Reputation: 34338
Can anyone please tell me which algorithm is internally used by ruby to remove duplicates from an ruby array using Array#uniq
method?
Upvotes: 8
Views: 4434
Reputation:
The time complexity is linear time i.e. O(n) as it uses Hash for the internal implementation of the algorithm.
Upvotes: 1
Reputation: 369468
This depends on which "internals" you are talking about. There are 7 production-ready Ruby implementations in current use, and the Ruby Language Specification does not prescribe any particular algorithm. So, it really depends on the implementation.
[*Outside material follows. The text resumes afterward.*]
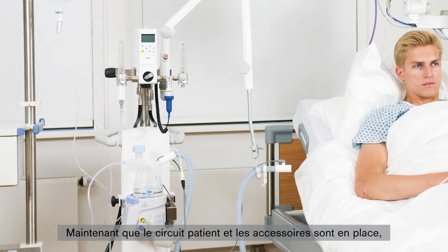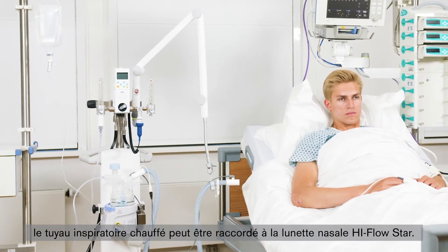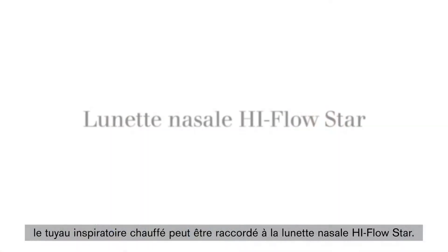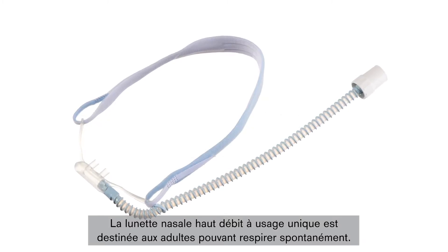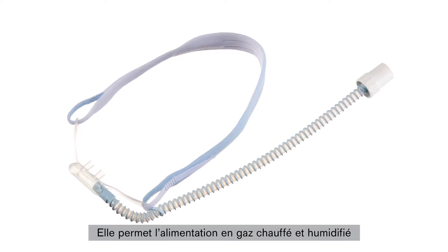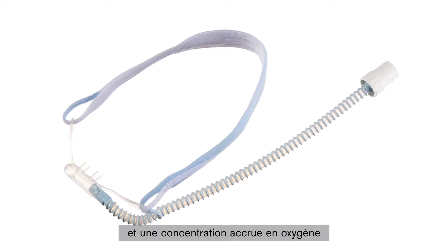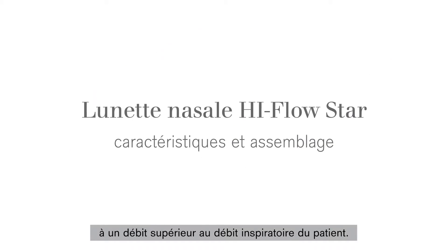Now that the breathing circuit system and accessories are in place, the heated inspiratory hose can be connected to the High-Flow STAR nasal cannula. The single-patient high-flow nasal cannula for adults who can breathe spontaneously is used to provide patients with a heated, humidified breathing gas supply with an increased oxygen concentration at a flow that is higher than the patient's own inspiratory flow.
E.g., this is the implementation Rubinius uses:
Rubinius.check_frozen
if block_given?
im = Rubinius::IdentityMap.from(self, &block)
else
im = Rubinius::IdentityMap.from(self)
end
return if im.size == size
array = im.to_array
@tuple = array.tuple
@start = array.start
@total = array.total
self
And this is the one from JRuby:
RubyHash hash = makeHash();
if (realLength == hash.size()) return makeShared();
RubyArray result = new RubyArray(context.runtime, getMetaClass(), hash.size());
int j = 0;
try {
for (int i = 0; i < realLength; i++) {
IRubyObject v = elt(i);
if (hash.fastDelete(v)) result.values[j++] = v;
}
} catch (ArrayIndexOutOfBoundsException aioob) {
concurrentModification();
}
result.realLength = j;
return result;
Upvotes: 3
Reputation: 5773
It compares elements using their hash (provided by the Object#hash method) then compares hashes with Object#eql?.
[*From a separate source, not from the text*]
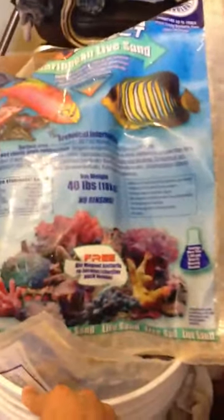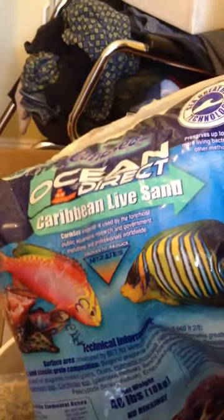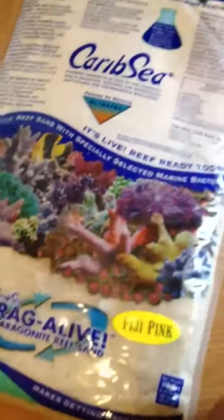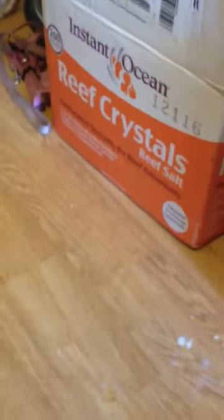Hey, what's up? Little bit of progress. I got my live sand in. I got some of the Ocean Direct Caribbean live sand — a 40 pound bag of that. And I got four 20 pound bags of the Fiji Pink from CaribSea. I got two different kinds of sand just to try to get a little bit more diversity of life and bacteria and all that good stuff in the tank.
Source: https://github.com/ruby/ruby/blob/trunk/array.c#L3976
Upvotes: 1
Reputation: 24316
From the docs:
static VALUE
rb_ary_uniq(VALUE ary)
{
VALUE hash, uniq, v;
long i;
if (RARRAY_LEN(ary) <= 1)
return rb_ary_dup(ary);
if (rb_block_given_p()) {
hash = ary_make_hash_by(ary);
uniq = ary_new(rb_obj_class(ary), RHASH_SIZE(hash));
st_foreach(RHASH_TBL(hash), push_value, uniq);
}
else {
hash = ary_make_hash(ary);
uniq = ary_new(rb_obj_class(ary), RHASH_SIZE(hash));
for (i=0; i<RARRAY_LEN(ary); i++) {
st_data_t vv = (st_data_t)(v = rb_ary_elt(ary, i));
if (st_delete(RHASH_TBL(hash), &vv, 0)) {
rb_ary_push(uniq, v);
}
}
}
ary_recycle_hash(hash);
return uniq;
It has O(N)
complexity
Upvotes: 7